RE: [squid-users] Caching Web sites

From: <[email protected]>
Date: Mon, 10 Dec 2001 20:54:08 -0800

Or, the answer would be have a redirector write the redirected (cached) URLs
to a database, which can be queried for unique values by a script automating
wget. Or use the redirector to fork off wget to preemtively follow links.
Serves the same end. A script based redirector like Pyredir should be easy
enough to hack to do this.

Sean

-----Original Message-----
From: Andrew Reid [mailto:andrew.reid@plug.cx]
Sent: Sunday, December 09, 2001 9:05 PM
To: squid-users@squid-cache.org
Cc: mapunda@muchs.ac.tz; squid-users@squid-cache.org
Subject: Re: [squid-users] Caching Web sites

On Sun, Dec 09, 2001 at 08:54:19PM -0800, sean.upton@uniontrib.com wrote:

> Prime with wget -r and a cron job on a client.

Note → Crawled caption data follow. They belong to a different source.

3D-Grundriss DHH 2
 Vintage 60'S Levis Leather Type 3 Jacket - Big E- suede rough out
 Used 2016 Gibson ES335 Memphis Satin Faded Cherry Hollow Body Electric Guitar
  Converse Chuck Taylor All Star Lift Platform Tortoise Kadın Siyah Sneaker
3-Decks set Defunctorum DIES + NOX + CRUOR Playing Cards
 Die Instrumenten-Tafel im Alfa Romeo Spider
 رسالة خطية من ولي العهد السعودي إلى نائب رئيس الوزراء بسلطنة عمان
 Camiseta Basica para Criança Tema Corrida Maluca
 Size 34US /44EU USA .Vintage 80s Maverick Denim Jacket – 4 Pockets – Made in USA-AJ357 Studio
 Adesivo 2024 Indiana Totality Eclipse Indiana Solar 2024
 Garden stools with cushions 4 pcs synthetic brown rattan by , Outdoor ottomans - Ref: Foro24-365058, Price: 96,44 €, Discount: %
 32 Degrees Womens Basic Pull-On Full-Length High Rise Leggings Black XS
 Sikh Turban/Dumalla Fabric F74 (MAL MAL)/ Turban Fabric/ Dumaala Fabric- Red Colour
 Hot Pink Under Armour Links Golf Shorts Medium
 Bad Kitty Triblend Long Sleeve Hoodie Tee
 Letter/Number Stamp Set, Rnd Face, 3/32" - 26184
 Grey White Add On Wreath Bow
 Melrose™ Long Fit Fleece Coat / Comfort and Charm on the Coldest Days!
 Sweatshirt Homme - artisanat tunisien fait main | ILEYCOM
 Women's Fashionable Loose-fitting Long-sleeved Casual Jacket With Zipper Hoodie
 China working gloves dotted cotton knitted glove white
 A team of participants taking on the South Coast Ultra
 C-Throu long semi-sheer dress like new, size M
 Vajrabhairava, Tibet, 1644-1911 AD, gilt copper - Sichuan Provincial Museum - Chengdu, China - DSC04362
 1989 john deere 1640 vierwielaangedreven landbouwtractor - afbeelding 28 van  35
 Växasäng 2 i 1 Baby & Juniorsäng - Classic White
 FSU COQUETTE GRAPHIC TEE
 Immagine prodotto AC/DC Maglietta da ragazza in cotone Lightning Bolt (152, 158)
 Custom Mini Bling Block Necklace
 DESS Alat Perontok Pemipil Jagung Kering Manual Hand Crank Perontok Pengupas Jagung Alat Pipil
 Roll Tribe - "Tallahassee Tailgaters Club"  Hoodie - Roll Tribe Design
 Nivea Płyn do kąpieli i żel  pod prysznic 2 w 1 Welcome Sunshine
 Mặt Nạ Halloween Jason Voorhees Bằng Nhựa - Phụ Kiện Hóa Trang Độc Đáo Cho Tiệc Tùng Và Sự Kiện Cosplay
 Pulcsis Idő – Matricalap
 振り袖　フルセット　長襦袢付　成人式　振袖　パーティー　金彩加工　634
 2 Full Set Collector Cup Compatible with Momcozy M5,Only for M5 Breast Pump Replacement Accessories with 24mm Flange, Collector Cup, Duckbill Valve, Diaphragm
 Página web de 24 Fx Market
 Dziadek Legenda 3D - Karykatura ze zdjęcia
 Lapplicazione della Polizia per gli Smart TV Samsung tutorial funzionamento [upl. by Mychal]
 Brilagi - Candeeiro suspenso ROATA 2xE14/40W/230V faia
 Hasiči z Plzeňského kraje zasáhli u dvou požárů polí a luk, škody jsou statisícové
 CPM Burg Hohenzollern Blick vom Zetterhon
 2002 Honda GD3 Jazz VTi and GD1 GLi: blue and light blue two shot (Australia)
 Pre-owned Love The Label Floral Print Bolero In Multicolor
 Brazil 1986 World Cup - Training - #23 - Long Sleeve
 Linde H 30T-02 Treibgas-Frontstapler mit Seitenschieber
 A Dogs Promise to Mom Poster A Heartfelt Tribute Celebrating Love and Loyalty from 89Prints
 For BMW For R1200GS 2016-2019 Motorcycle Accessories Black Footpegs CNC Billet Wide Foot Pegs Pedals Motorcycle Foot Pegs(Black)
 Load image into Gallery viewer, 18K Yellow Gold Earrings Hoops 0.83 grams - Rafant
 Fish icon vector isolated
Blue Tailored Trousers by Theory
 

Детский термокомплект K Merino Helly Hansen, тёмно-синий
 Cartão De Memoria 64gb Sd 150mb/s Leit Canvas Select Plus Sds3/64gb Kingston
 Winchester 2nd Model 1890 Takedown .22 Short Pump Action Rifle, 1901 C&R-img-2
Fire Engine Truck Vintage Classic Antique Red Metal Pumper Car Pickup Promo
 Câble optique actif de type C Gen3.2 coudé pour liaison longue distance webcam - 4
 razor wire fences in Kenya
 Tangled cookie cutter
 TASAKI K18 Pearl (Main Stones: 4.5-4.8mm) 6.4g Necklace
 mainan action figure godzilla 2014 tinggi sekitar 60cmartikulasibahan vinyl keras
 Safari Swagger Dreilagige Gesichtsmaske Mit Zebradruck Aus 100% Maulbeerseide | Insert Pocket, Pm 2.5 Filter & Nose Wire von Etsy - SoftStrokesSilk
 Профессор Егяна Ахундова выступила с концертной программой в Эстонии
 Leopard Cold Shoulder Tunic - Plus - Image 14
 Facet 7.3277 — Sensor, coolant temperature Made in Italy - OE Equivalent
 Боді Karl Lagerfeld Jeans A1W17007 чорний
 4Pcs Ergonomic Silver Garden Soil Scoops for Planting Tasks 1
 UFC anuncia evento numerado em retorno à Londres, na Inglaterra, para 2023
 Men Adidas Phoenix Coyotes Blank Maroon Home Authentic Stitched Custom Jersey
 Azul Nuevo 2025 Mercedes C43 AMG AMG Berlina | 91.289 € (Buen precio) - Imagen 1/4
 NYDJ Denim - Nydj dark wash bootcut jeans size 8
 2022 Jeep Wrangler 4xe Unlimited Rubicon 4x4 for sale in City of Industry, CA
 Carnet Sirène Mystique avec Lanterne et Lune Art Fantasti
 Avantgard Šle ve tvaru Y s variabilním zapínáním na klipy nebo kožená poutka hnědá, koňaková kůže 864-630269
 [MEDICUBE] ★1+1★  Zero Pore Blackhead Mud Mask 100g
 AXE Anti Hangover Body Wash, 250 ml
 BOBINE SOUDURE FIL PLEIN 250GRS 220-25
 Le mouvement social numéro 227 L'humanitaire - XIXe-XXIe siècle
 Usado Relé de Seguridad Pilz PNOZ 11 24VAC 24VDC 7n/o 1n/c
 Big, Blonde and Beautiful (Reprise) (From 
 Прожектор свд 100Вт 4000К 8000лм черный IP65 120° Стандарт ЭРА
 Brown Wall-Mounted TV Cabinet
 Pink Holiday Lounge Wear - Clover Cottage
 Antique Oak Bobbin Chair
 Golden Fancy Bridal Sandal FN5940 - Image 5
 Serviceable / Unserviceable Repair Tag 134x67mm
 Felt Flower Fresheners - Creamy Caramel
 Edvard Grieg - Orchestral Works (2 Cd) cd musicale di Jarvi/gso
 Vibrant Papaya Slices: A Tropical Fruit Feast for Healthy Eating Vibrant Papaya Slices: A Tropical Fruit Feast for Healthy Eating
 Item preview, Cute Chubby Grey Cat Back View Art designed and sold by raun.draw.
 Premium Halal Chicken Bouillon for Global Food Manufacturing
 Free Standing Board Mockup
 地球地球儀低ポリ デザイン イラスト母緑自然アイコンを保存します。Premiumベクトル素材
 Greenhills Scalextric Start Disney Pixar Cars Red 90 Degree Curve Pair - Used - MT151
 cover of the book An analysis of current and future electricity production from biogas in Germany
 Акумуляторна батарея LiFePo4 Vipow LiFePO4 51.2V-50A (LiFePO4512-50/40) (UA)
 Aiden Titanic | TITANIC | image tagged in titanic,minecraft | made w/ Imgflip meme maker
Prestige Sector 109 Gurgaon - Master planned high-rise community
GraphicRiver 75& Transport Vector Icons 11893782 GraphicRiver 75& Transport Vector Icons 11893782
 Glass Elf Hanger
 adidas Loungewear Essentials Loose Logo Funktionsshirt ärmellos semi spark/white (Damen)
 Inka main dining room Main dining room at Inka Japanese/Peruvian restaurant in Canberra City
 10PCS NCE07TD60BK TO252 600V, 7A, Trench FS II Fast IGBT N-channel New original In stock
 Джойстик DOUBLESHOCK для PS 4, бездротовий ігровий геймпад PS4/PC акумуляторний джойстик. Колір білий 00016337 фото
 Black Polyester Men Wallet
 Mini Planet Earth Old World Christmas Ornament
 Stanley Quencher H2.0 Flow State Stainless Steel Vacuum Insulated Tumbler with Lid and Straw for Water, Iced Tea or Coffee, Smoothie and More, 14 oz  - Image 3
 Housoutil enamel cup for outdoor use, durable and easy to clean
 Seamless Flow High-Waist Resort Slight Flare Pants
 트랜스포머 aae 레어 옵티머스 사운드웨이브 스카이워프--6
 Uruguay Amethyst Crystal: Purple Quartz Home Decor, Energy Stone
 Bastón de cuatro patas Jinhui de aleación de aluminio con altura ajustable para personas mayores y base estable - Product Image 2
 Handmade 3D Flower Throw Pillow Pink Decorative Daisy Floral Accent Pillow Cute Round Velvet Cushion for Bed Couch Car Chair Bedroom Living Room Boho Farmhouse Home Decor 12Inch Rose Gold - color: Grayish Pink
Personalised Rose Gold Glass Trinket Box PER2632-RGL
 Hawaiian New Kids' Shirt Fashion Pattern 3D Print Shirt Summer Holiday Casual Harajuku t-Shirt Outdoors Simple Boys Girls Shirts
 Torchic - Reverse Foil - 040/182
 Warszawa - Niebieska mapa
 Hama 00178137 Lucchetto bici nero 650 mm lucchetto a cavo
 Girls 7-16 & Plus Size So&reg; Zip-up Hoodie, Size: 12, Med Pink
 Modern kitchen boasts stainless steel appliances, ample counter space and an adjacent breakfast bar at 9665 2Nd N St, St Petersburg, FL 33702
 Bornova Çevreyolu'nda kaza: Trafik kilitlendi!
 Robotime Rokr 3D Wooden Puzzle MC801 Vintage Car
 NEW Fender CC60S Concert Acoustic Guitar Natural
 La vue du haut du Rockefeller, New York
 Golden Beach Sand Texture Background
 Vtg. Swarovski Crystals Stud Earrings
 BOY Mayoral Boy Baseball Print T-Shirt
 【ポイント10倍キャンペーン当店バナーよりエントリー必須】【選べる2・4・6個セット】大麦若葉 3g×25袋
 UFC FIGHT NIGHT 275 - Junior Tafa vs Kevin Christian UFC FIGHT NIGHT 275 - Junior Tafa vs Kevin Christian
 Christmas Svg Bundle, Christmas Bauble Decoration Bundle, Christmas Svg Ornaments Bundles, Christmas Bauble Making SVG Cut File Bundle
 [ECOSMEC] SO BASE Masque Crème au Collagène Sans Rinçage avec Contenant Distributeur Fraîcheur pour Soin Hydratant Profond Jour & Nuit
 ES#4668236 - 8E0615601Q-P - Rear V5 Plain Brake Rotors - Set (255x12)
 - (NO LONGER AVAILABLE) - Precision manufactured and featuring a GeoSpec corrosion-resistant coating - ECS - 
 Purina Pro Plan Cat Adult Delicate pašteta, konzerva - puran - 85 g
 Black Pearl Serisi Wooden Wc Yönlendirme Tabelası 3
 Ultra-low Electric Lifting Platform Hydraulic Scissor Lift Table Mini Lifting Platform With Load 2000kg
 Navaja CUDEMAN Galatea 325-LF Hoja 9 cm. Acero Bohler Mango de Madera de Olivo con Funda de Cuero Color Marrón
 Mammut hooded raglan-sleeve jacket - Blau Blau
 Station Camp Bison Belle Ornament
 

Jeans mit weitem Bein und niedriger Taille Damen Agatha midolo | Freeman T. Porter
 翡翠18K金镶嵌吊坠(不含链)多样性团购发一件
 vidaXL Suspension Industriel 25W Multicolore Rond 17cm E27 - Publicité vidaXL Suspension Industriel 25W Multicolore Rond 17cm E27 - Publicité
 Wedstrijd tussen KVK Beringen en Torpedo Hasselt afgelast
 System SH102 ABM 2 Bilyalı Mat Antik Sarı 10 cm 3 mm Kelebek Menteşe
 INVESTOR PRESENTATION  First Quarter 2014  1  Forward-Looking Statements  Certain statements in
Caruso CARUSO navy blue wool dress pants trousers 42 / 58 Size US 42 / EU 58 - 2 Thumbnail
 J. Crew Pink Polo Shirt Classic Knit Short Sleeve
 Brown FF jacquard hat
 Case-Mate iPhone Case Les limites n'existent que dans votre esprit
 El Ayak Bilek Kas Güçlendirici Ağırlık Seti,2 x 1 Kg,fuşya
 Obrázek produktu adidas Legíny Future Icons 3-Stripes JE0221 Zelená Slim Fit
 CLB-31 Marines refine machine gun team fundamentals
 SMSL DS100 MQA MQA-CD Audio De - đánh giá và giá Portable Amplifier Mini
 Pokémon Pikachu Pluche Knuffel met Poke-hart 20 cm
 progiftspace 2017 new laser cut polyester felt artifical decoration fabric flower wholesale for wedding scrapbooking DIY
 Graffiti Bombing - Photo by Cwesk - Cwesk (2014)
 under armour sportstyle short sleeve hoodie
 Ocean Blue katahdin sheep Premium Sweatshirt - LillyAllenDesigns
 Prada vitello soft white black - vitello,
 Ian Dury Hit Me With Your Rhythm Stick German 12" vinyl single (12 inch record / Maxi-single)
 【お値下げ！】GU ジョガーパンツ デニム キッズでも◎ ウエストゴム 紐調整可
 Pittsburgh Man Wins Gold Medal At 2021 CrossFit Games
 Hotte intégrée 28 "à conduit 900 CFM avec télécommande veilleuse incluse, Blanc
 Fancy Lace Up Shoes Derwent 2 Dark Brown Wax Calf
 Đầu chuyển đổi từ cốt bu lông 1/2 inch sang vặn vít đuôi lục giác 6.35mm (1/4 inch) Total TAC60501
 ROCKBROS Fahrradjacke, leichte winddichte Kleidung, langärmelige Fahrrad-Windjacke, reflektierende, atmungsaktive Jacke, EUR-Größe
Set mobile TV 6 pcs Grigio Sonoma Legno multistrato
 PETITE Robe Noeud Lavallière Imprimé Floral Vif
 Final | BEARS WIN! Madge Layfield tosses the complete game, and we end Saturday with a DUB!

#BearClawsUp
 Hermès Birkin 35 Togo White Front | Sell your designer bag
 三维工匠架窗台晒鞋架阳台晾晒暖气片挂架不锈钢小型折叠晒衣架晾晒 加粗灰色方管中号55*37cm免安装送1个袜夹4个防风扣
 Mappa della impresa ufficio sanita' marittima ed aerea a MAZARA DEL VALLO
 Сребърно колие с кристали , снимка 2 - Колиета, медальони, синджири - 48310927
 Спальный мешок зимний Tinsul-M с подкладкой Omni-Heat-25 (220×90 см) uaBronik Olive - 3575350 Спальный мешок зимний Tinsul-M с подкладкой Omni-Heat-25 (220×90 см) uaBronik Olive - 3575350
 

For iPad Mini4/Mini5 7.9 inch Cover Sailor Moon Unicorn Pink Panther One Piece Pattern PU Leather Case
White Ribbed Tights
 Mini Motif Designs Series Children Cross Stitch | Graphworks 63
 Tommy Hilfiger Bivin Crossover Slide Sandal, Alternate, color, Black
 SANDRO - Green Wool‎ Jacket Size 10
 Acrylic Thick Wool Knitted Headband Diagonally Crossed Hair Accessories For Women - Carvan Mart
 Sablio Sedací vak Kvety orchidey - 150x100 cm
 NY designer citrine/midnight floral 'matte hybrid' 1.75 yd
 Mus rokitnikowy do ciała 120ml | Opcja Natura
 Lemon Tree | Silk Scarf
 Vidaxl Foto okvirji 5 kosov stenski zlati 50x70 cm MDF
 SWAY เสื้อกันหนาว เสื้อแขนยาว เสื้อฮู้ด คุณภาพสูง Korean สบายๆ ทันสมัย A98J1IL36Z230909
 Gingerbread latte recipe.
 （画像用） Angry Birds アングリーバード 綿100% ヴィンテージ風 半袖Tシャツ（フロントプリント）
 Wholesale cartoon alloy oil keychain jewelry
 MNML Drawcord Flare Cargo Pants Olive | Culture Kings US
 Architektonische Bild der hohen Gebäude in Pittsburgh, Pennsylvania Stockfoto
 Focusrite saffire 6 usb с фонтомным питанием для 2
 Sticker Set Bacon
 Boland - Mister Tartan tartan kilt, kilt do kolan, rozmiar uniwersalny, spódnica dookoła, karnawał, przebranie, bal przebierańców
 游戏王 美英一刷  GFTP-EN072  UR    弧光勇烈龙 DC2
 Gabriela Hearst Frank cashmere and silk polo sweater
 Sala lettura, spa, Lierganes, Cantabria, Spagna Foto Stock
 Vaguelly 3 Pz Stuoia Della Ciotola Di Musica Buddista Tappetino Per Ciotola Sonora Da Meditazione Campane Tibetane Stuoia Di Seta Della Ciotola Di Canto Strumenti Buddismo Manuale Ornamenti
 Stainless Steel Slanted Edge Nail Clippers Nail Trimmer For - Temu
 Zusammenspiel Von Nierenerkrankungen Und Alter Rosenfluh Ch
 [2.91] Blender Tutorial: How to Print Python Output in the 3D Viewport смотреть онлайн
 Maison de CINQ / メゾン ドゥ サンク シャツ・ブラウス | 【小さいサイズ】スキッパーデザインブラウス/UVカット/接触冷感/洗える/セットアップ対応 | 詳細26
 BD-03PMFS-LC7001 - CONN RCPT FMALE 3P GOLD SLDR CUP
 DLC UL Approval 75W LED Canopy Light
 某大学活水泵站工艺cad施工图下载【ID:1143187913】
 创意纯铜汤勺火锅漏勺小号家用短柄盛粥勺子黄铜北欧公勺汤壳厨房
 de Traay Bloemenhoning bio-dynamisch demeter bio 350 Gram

This is frequently
> recommended as the easiest way to do this.

But, you see, this isn't what he's after.

Perhaps with some log analysis, you could generate a list of
frequently used sites and cache them to the proxy server.

I'd guess that you could either implement some sort of redirection
(such as squidGuard) that redirects users to locally cached copies of
the data.

... but that's not the ideal way of doing it. It would be good if it
was cached to the Squid cache store. However, many objects would
probably expire (or worse still, never make it to the cache) before
they were able to be used.

The thing that is interesting about this issue in general is that if
the frequently used sites were cacheable, Squid would cache them
appropriately, giving quick access to the objects from its cache
store. I don't see the point in re-downloading objects that may not be
cacheable or are already cached.

Perhaps the answer is some sort of preemptive caching. For example,
when I pull up freshmeat.net, Squid should automatically start
downloading the images and banner ads before the client makes the
request. Perhaps it could even cache some of the pages that
freshmeat.net is directly linking to, n levels deep.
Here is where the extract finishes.